Records excerpted from a collection
______________________________

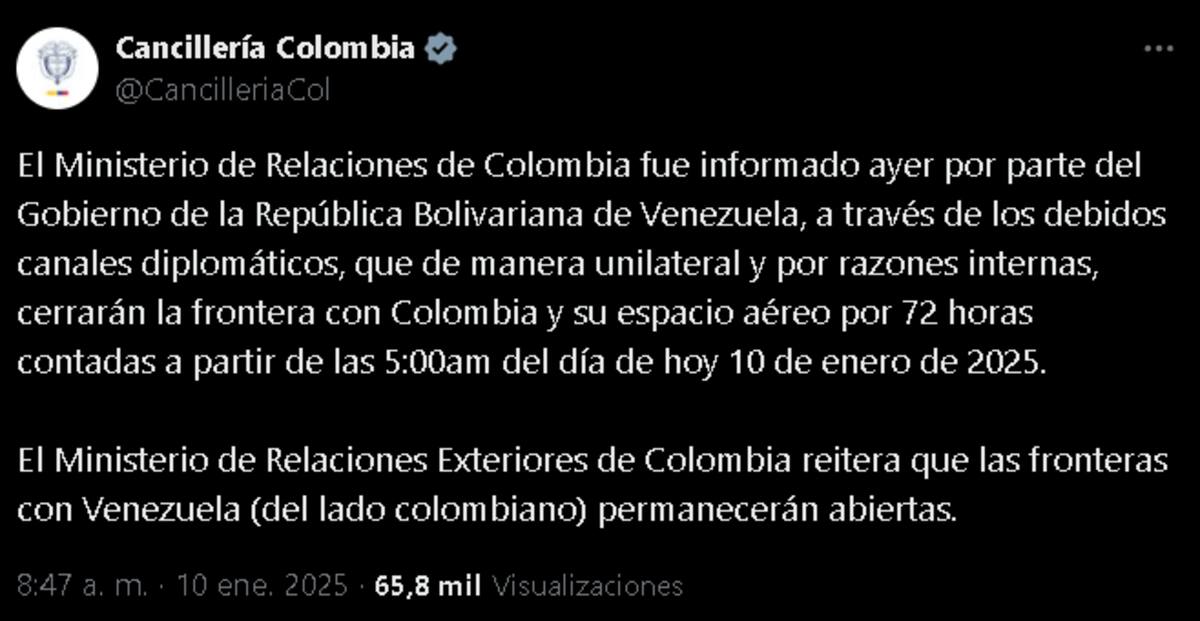 por el cierre de la frontera del lado venezolano. Créditos: @cancilleriacol.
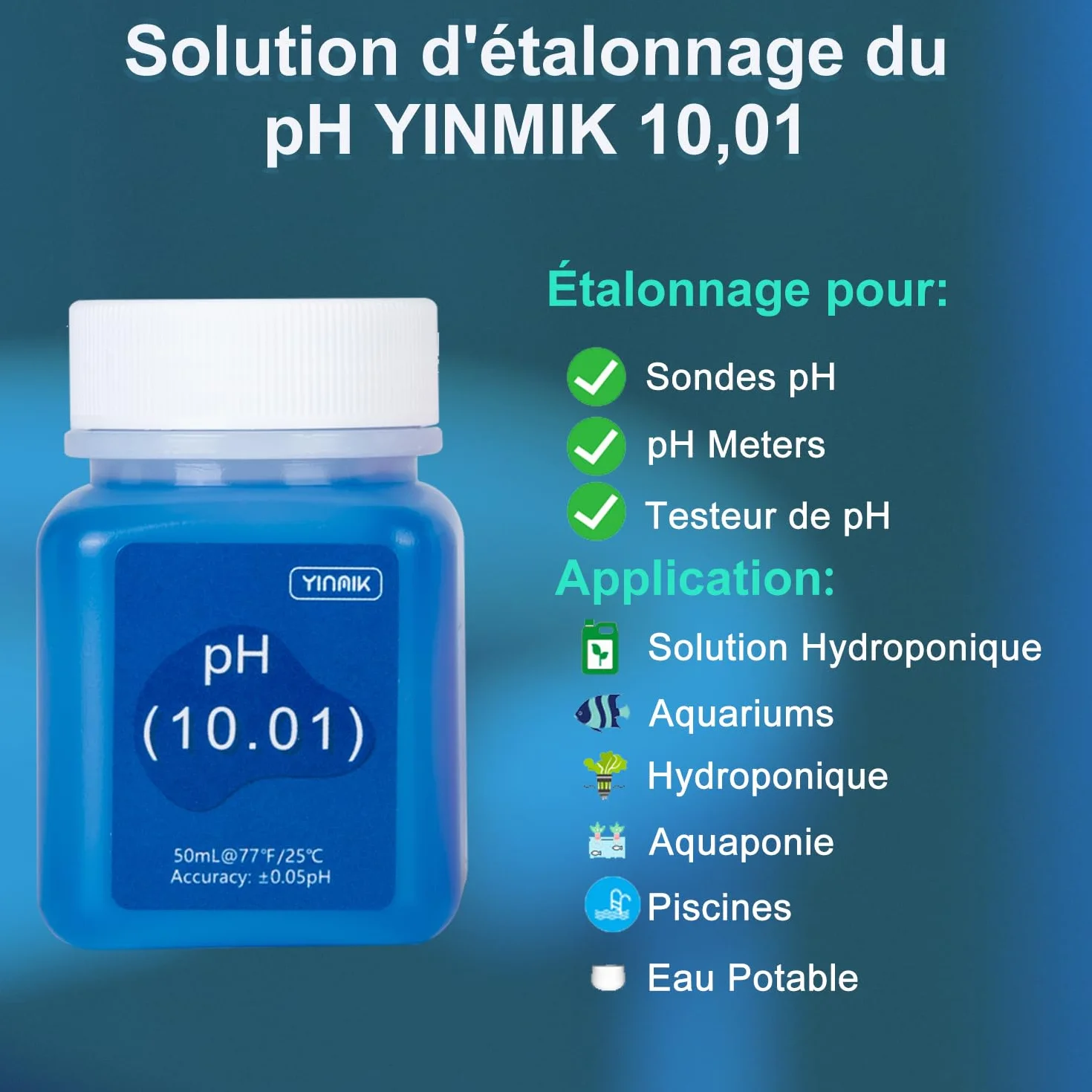 YINMIK zestaw do kalibracji miernika pH (4.00, 7.00 i 10.01) z zestawem do ochrony roztworu, 3 butelki po 50 ml roztworu buforowego do kalibracji pH i 2 butelki po 10 ml roztworu KCL do sond pH dla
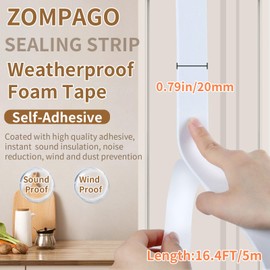 ZOMPAGO Foam Tape Corner Protectors for Furniture Strip,White,0.8″x16.4FT,Sharp Edge & Table Bumper,Window Edge,Wall Protector,Soft Corner Guards Safe for Proof,Table Corner Protectors in Home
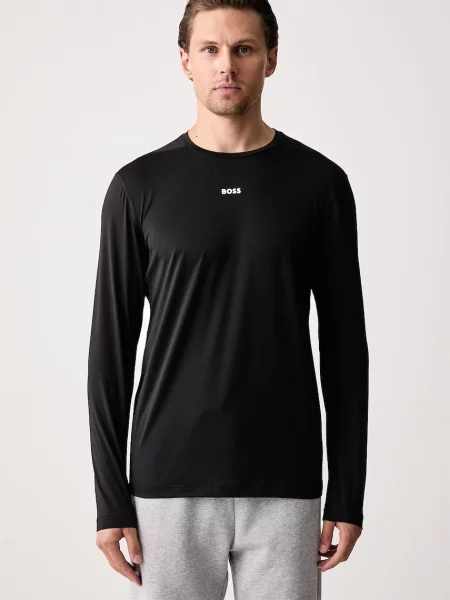 Tricou cu mânecă lungă Boss Green negru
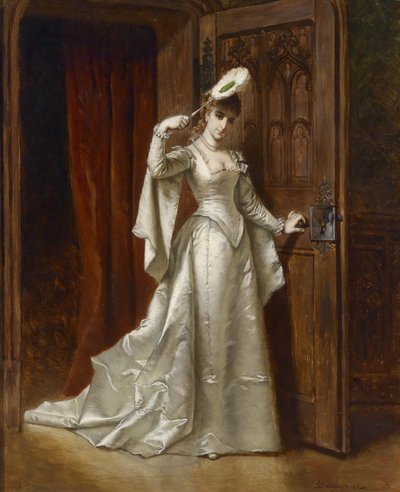 Dama elegante en vestido de damasco blanco de Władysław Bakałowicz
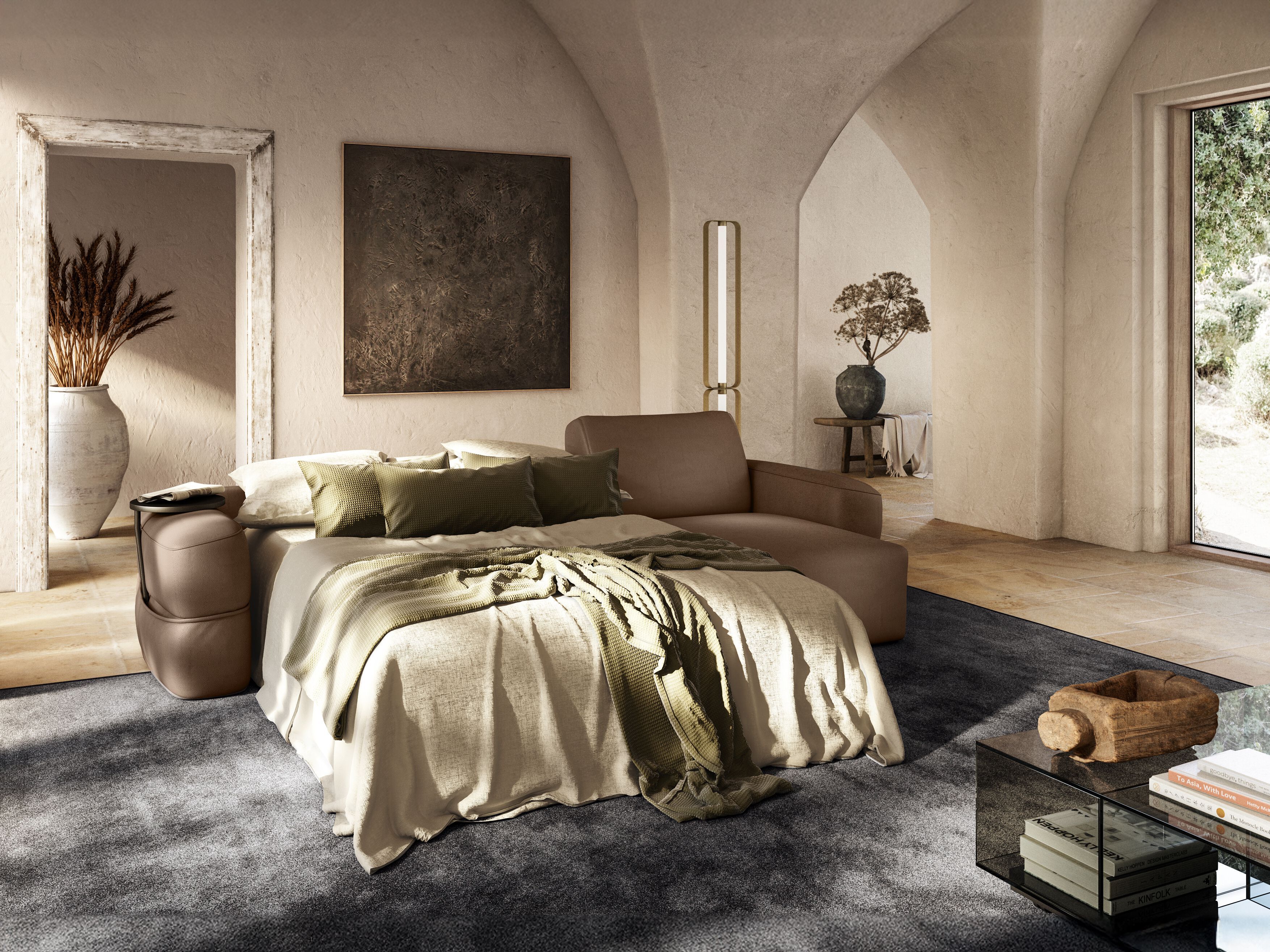 Кожаный диван-кровать с полуостровом Natuzzi Italia EASY ARCH-00135715 - Вид №4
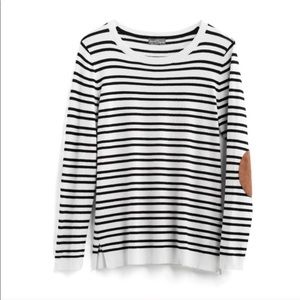“Aubree” Striped Elbow Patch Pullover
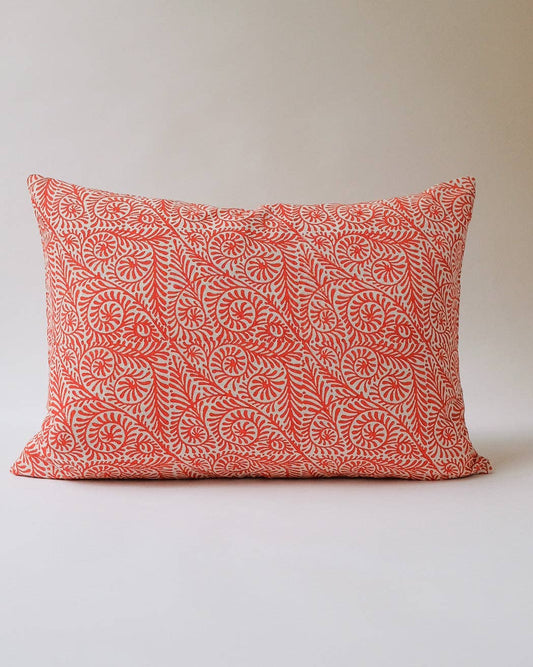 Madhu - Hand Block-printed Linen Pillow (Rojo)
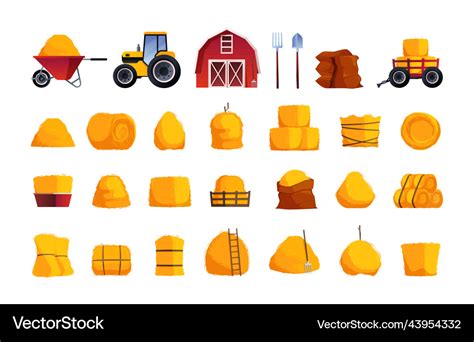 Cartoon hay farming agriculture haystack farm Vector Image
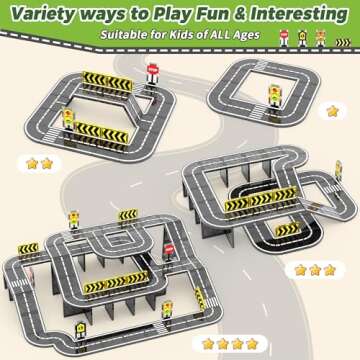 Goodtiles Magnetic Tiles Road Expansion Set, STEM Magnetic Building Blocks for Kids Ages 3-5 4-8 5-7, Preschool Learning Sensory Kids Toys for Toddler Birthday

______________________________

Exercise objective:
Print again, word for word, every line from the line with "Dama elegante en" to the final line of the records, inclusive; skip the pictures.

Result:
 Dama elegante en vestido de damasco blanco de Władysław Bakałowicz
 Кожаный диван-кровать с полуостровом Natuzzi Italia EASY ARCH-00135715 - Вид №4
“Aubree” Striped Elbow Patch Pullover
 Madhu - Hand Block-printed Linen Pillow (Rojo)
 Cartoon hay farming agriculture haystack farm Vector Image
 Goodtiles Magnetic Tiles Road Expansion Set, STEM Magnetic Building Blocks for Kids Ages 3-5 4-8 5-7, Preschool Learning Sensory Kids Toys for Toddler Birthday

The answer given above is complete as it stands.